The sound of his voice silenced the men in the outer cave. The old woman gripped her stick with fingers as knurled as the wood and sat haughtily upright like a sceptred queen. “It is my pagan magic that has healed you,” she declared.
Kane dragged out his hands from beneath the coarse blankets. Even when he turned them palms upward, no blood was visible on the bandages. “This is God’s work alone,” he said.
“There’s more power here than your Christian god.” The old woman’s gaze strayed around the cave as though she might be speaking of the prehistoric stone. “You would do well to remember that,” she told Kane.
“It is evil,” Kane said doggedly. “Christ came to earth to drive it out and all the other Devil’s works.”
“Some would name you as evil, Captain Kane.”
Not just the form of address but the memories of wickedness that it revived left Kane unwilling to respond. “You,” the old woman persisted, “who came down from the cross and returned from the dead.”
Anger at the suggestion almost robbed Kane of speech. “What do you say of me, witch?” he muttered.
The old woman gave him a pitying look. “Did you not know that you were dead?”
“Those are the Devil’s words. They cannot trick me.” More fiercely still Kane said “I am no Christ. I am but God’s avenger on earth.”
“Did your father not send you forth?” The old woman gazed into his eyes as if she was searching his soul. “Did your life not change when you were taken to a high place and shown all that could have been yours?” she said. “Have you not made a pilgrimage through the wilderness? Did you not mean to atone for the actions of others by your crucifixion? Do you not seek to cast out a demon and perform a miracle?”

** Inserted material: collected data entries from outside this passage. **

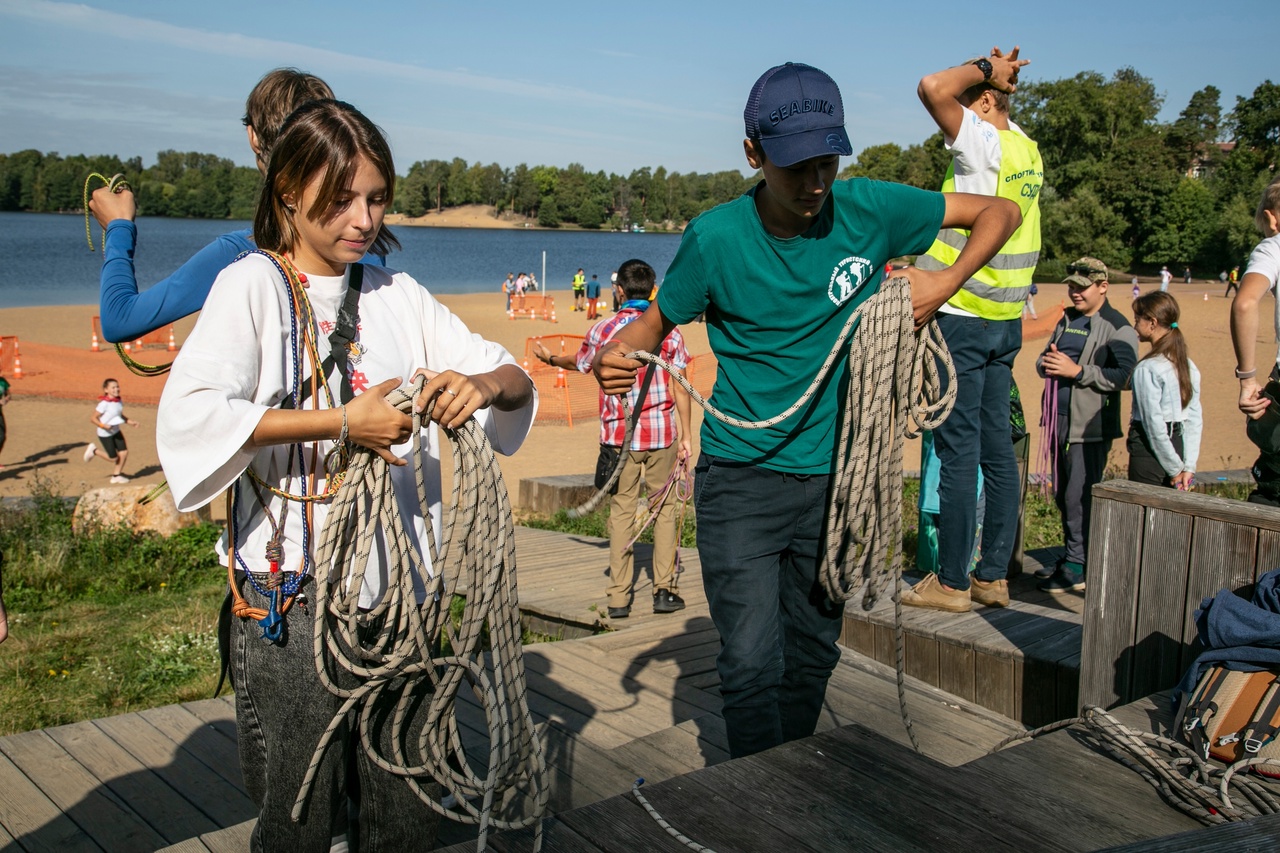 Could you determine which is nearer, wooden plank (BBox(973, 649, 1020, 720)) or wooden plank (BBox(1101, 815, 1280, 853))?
wooden plank (BBox(1101, 815, 1280, 853))

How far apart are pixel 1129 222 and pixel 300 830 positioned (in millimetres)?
70828

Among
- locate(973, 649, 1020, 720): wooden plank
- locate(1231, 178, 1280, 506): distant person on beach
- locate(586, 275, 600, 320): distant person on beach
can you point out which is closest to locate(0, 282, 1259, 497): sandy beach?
locate(586, 275, 600, 320): distant person on beach

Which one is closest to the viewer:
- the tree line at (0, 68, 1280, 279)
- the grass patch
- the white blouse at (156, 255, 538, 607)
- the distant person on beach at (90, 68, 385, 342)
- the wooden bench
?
the white blouse at (156, 255, 538, 607)

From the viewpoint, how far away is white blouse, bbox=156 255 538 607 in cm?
202

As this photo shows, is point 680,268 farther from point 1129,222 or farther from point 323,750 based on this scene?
point 1129,222

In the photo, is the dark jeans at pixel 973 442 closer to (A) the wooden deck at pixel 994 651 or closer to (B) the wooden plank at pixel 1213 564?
(A) the wooden deck at pixel 994 651

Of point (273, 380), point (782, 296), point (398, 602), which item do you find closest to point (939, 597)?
point (782, 296)

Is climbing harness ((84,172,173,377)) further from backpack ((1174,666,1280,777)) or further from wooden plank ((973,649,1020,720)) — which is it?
wooden plank ((973,649,1020,720))

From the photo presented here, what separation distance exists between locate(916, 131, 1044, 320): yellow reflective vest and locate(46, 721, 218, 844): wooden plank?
3.36 metres

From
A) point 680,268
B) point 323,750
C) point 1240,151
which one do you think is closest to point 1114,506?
point 680,268

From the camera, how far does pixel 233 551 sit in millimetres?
2225

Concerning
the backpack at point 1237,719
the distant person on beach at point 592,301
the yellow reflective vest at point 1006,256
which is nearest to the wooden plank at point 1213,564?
the backpack at point 1237,719

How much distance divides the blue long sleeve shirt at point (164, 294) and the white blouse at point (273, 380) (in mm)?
367

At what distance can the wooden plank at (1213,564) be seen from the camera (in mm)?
2982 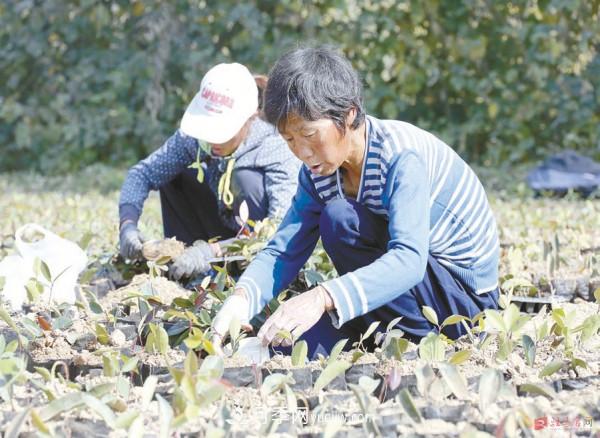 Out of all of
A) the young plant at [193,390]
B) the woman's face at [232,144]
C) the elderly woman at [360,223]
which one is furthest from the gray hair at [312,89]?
the woman's face at [232,144]

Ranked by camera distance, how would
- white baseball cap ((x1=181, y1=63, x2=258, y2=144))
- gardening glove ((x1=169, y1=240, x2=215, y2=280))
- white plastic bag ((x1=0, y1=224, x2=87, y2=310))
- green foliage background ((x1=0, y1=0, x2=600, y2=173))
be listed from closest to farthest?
1. white plastic bag ((x1=0, y1=224, x2=87, y2=310))
2. gardening glove ((x1=169, y1=240, x2=215, y2=280))
3. white baseball cap ((x1=181, y1=63, x2=258, y2=144))
4. green foliage background ((x1=0, y1=0, x2=600, y2=173))

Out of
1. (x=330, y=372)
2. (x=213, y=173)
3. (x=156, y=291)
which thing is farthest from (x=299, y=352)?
(x=213, y=173)

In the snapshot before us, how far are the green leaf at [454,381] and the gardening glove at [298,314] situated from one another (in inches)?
12.3

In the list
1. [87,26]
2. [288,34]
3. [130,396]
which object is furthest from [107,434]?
[87,26]

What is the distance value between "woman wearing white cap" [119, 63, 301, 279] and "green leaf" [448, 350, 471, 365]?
1.19 m

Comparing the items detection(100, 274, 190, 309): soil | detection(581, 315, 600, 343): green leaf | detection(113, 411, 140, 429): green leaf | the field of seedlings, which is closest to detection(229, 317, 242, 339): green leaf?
the field of seedlings

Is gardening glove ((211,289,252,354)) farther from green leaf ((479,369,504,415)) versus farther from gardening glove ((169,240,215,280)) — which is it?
gardening glove ((169,240,215,280))

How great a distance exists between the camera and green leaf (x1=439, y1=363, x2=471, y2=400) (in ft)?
5.48

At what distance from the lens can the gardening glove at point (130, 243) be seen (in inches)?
118

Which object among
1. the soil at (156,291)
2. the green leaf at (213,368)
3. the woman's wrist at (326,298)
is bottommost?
the soil at (156,291)

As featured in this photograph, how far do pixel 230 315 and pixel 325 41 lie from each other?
490 cm

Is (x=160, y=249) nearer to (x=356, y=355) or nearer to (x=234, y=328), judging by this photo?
(x=234, y=328)

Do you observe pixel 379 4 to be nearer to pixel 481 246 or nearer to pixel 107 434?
pixel 481 246

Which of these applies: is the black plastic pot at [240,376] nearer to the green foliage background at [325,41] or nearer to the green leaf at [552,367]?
the green leaf at [552,367]
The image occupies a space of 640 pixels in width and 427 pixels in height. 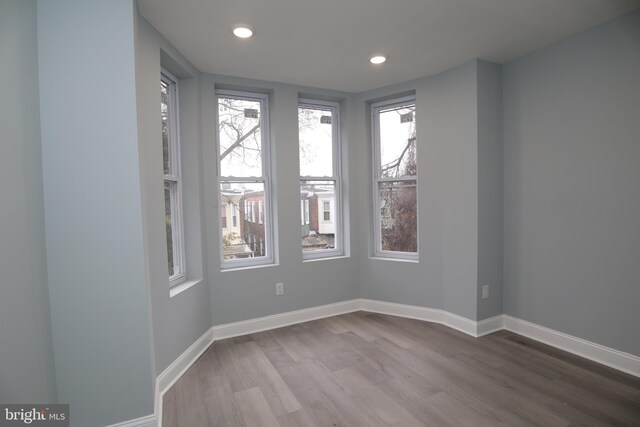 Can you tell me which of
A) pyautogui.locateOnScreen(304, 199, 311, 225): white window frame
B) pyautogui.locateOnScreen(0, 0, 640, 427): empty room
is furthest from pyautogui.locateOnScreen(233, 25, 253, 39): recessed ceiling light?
pyautogui.locateOnScreen(304, 199, 311, 225): white window frame

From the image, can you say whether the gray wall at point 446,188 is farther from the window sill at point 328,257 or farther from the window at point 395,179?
the window sill at point 328,257

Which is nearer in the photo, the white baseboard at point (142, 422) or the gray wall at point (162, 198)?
the white baseboard at point (142, 422)

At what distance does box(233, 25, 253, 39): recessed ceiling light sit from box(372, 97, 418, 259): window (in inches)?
73.5

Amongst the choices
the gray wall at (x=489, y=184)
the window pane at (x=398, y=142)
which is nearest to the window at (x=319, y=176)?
the window pane at (x=398, y=142)

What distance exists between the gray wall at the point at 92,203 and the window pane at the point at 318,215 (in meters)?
2.07

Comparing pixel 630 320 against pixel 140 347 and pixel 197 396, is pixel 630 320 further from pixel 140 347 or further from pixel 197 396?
pixel 140 347

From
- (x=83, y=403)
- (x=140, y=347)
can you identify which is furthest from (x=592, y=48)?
(x=83, y=403)

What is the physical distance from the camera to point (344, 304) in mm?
3781

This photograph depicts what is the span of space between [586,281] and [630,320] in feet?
1.16

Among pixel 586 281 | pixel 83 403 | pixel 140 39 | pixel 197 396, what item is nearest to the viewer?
pixel 83 403

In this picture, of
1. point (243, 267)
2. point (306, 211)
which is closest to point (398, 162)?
point (306, 211)

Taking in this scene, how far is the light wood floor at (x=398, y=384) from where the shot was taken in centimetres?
197

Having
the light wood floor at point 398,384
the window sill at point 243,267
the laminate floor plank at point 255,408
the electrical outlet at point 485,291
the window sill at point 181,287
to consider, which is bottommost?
the laminate floor plank at point 255,408

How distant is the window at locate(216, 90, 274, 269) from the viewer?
327 cm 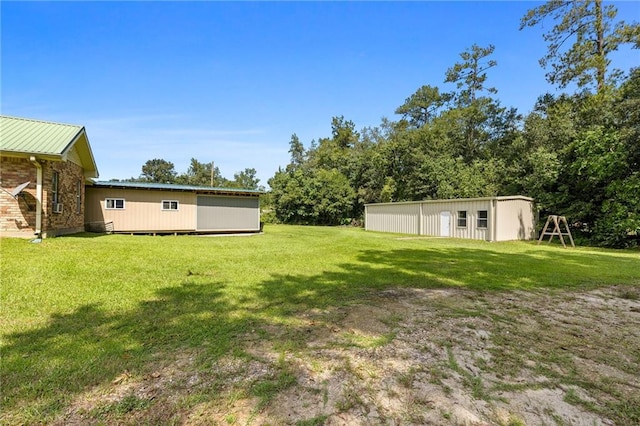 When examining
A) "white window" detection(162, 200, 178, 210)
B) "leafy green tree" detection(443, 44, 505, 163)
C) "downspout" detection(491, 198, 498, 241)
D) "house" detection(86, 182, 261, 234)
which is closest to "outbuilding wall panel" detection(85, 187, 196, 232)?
"house" detection(86, 182, 261, 234)

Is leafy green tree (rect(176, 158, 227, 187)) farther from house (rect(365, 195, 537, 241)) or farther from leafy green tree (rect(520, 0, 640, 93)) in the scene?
leafy green tree (rect(520, 0, 640, 93))

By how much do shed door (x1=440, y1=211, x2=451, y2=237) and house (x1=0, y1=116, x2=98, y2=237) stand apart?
1671 cm

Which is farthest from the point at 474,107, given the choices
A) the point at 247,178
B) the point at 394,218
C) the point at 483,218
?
the point at 247,178

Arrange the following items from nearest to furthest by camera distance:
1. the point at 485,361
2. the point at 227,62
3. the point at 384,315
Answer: the point at 485,361
the point at 384,315
the point at 227,62

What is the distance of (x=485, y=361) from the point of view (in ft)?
9.14

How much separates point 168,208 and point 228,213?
9.78 ft

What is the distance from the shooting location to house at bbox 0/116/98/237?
9.05 m

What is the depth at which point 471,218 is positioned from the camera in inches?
631

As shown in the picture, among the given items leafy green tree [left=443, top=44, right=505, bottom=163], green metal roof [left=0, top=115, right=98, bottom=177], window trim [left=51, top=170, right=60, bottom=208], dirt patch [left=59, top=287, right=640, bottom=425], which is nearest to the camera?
dirt patch [left=59, top=287, right=640, bottom=425]

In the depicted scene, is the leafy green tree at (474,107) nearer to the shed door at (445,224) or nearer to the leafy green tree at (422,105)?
the leafy green tree at (422,105)

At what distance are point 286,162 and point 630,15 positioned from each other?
133ft

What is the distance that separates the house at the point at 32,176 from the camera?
→ 9.05 meters

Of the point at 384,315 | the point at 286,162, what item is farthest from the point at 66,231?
the point at 286,162

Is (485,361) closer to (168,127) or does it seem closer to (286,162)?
(168,127) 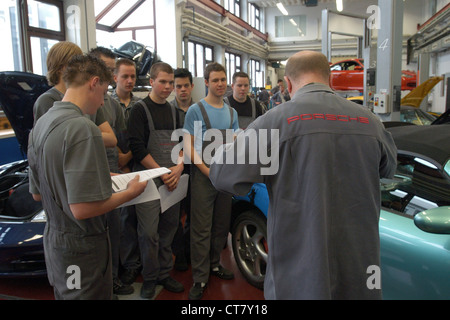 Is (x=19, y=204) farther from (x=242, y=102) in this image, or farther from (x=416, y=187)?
(x=416, y=187)

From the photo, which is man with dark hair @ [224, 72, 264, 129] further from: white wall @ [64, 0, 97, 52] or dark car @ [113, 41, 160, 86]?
white wall @ [64, 0, 97, 52]

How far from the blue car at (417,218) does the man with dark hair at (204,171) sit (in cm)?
40

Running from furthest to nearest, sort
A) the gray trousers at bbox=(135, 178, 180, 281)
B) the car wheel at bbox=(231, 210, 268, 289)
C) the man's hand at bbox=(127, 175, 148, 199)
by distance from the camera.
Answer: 1. the car wheel at bbox=(231, 210, 268, 289)
2. the gray trousers at bbox=(135, 178, 180, 281)
3. the man's hand at bbox=(127, 175, 148, 199)

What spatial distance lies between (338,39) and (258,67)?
5.16 meters

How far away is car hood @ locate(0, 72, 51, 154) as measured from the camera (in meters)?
3.19

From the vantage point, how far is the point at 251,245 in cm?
276

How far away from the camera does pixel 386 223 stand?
181 centimetres

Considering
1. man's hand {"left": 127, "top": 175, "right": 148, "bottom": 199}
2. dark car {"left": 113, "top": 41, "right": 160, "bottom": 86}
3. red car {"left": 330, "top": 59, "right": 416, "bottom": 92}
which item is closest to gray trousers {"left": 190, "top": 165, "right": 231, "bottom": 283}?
man's hand {"left": 127, "top": 175, "right": 148, "bottom": 199}

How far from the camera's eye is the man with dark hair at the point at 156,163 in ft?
8.42

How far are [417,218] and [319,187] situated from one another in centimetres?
60

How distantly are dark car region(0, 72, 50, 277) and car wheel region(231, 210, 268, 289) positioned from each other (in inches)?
57.4

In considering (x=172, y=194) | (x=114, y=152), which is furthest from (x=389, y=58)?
(x=114, y=152)

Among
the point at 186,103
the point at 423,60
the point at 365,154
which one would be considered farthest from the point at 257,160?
the point at 423,60

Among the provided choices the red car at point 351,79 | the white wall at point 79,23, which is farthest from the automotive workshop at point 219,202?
the red car at point 351,79
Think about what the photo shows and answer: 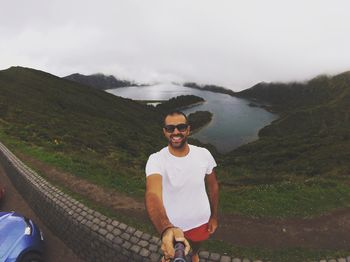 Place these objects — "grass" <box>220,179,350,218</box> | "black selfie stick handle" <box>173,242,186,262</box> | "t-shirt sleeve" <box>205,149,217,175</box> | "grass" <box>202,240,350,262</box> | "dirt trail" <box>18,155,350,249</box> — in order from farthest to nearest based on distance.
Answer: "grass" <box>220,179,350,218</box>
"dirt trail" <box>18,155,350,249</box>
"grass" <box>202,240,350,262</box>
"t-shirt sleeve" <box>205,149,217,175</box>
"black selfie stick handle" <box>173,242,186,262</box>

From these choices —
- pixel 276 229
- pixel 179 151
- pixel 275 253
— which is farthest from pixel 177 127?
pixel 276 229

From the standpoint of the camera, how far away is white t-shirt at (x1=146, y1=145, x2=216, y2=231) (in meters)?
4.27

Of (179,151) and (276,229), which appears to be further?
(276,229)

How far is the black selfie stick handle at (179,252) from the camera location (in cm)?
300

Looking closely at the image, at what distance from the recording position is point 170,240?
10.6ft

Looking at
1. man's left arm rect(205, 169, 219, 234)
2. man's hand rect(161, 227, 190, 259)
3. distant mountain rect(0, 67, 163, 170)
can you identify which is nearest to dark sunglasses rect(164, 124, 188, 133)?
man's left arm rect(205, 169, 219, 234)

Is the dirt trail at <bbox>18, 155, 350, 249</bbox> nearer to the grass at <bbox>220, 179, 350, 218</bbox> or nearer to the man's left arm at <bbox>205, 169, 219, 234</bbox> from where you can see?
the grass at <bbox>220, 179, 350, 218</bbox>

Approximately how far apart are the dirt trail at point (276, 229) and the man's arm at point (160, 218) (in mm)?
6408

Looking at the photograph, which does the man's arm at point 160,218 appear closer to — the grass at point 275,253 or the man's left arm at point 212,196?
the man's left arm at point 212,196

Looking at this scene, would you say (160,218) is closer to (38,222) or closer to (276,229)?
(276,229)

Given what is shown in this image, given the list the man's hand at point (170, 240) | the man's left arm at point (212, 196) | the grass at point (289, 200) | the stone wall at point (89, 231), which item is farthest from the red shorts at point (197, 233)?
the grass at point (289, 200)

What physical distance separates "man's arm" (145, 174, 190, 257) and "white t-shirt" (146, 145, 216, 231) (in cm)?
20

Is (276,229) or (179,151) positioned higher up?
(179,151)

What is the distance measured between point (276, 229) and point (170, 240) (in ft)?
27.4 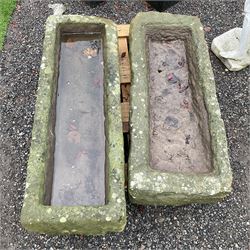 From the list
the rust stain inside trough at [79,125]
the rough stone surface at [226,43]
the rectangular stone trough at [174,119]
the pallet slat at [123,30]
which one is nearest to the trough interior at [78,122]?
the rust stain inside trough at [79,125]

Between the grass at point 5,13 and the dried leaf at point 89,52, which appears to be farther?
the grass at point 5,13

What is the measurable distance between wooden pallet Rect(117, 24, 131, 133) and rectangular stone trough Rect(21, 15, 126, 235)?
9.1 inches

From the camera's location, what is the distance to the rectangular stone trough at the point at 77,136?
10.4ft

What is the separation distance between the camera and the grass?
16.5 feet

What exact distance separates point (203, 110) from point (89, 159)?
1.19 metres

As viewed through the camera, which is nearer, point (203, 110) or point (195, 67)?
point (203, 110)

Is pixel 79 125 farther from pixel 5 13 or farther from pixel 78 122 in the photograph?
pixel 5 13

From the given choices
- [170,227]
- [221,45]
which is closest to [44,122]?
[170,227]

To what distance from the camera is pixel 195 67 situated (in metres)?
4.20

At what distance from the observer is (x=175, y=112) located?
4223mm

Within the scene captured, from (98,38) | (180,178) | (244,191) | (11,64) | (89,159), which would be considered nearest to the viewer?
(180,178)

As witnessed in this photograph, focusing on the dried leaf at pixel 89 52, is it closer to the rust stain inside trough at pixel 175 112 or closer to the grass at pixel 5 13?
the rust stain inside trough at pixel 175 112

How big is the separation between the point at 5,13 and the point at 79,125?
2.10 meters

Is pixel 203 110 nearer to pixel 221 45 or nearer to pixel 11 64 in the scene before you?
pixel 221 45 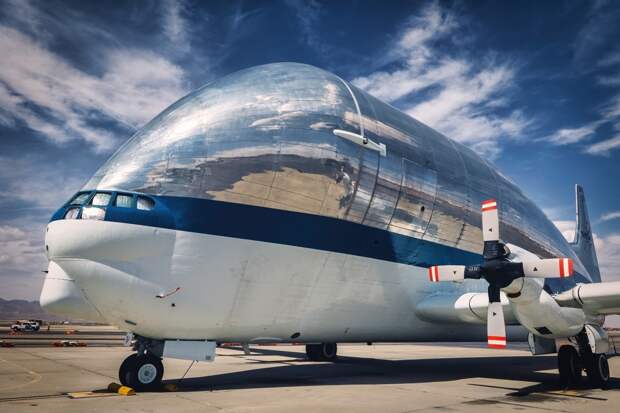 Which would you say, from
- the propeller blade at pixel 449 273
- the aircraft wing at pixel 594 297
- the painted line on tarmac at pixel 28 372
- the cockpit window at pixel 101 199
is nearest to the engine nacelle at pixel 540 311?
the aircraft wing at pixel 594 297

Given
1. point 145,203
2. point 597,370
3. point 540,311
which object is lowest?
point 597,370

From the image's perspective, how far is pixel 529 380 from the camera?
627 inches

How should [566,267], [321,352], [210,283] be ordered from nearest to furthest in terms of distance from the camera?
[566,267] → [210,283] → [321,352]

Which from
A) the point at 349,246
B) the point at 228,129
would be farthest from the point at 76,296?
the point at 349,246

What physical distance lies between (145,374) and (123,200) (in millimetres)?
4188

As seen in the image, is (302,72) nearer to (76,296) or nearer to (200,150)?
(200,150)

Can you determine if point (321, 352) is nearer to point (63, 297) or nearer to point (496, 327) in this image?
point (496, 327)

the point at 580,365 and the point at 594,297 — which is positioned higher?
the point at 594,297

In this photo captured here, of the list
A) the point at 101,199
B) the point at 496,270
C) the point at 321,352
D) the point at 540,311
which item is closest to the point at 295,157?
the point at 101,199

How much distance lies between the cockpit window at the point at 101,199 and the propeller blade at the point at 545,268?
33.6ft

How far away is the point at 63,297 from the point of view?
445 inches

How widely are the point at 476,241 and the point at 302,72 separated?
29.3 feet

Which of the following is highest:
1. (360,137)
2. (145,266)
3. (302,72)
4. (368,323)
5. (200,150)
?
(302,72)

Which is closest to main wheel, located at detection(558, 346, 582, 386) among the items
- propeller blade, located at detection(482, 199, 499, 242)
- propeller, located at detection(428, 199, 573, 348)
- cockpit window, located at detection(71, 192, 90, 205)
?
propeller, located at detection(428, 199, 573, 348) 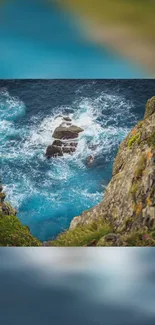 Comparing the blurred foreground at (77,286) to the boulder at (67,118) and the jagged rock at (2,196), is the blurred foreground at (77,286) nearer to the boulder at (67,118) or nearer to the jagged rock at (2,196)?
the jagged rock at (2,196)

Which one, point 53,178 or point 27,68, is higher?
point 27,68

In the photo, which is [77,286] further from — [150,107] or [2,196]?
[150,107]

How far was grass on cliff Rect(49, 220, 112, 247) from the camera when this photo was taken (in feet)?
13.6

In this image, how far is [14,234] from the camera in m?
4.25

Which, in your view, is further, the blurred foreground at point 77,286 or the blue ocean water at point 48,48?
the blue ocean water at point 48,48

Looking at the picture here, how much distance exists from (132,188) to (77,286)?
1171mm

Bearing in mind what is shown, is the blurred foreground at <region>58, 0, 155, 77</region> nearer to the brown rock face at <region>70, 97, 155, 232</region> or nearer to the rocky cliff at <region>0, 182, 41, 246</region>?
the brown rock face at <region>70, 97, 155, 232</region>

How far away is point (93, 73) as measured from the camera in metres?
4.51

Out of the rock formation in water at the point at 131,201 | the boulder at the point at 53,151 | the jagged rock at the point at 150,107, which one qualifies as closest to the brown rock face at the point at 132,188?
the rock formation in water at the point at 131,201

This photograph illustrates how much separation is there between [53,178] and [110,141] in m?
0.64

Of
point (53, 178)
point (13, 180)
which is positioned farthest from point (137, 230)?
point (13, 180)

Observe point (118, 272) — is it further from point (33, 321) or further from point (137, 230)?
point (33, 321)

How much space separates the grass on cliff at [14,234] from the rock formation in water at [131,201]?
278mm

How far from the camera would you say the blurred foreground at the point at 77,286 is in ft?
9.14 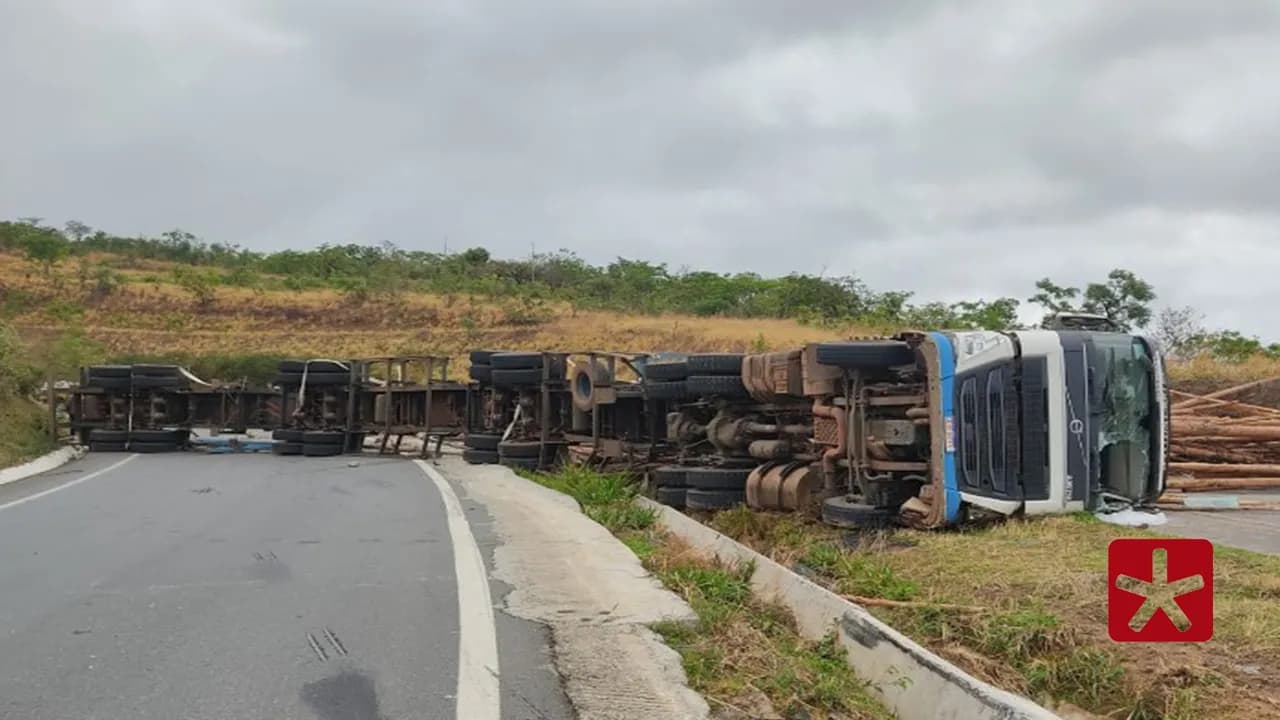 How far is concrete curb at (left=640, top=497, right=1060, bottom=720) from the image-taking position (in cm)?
399

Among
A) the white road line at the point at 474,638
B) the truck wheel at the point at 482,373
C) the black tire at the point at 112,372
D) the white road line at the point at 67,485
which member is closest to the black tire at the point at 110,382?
the black tire at the point at 112,372

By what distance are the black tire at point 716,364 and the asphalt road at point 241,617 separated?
2.74m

“Your casuistry will not sway me, witch. There is one Christ and one alone,” Kane said. “He has always been and always shall be.”
“Your Christ was not the first to rise from the dead when it was time. This land has its own ancient ways.” The old woman grasped her stick and rose effortfully to her feet. “Draw on what powers you must,” she said and left Kane with a look of renewed pity. “You need not know them.”
Kane watched her trudge out of the cave, leaning on the stick. She passed from sight beyond an array of swords in sheaths that were propped against the wall, and then he heard her in the outer cavern. “I have done what you asked,” she said without pride. “His body is healed.”
It was plain that she was making no claims for his soul. “What do you see of our future?” a voice said, and Kane recognised Telford’s.
“Your champion will lead you into blood and darkness,” the old woman said. “Are you ready for that?”
Telford had no audible response. Fortune-telling was the Devil’s snare, forbidden by the Bible. Kane heard the hollow plodding of the stick recede and emerge into the open. Telford and his men had resumed their discussion, too low for Kane to hear. Kane brought up his hand
s to examine them afresh and saw his own breath in the chill air. It might have been a sign of his return to life. He had experienced no pain in his hands since regaining consciousness, and so he risked flexing the fingers. Except for the dragging of the bandages against whatever substance they contained, there seemed to be no hindrance at all.
He picked at the knot on his left wrist with his fingernails and uncovered the hand. A lump of some unfamiliar herb or root had been pressed against each side. When he removed them he saw that the hole through the hand had entirely closed up, leaving only scars. The same was the case with his right hand. He clenched them and then opened the fists wide. They were as supple as they had ever been, but the action emphasised the marks like stigmata, so that for a moment he felt at the mercy of the old woman’s impious comparison. He had to believe the healing came from God, whoever God might have employed as His instrument. Meredith had used herbs to heal Kane, after all. The thought of her made Kane sit up, careless of his state.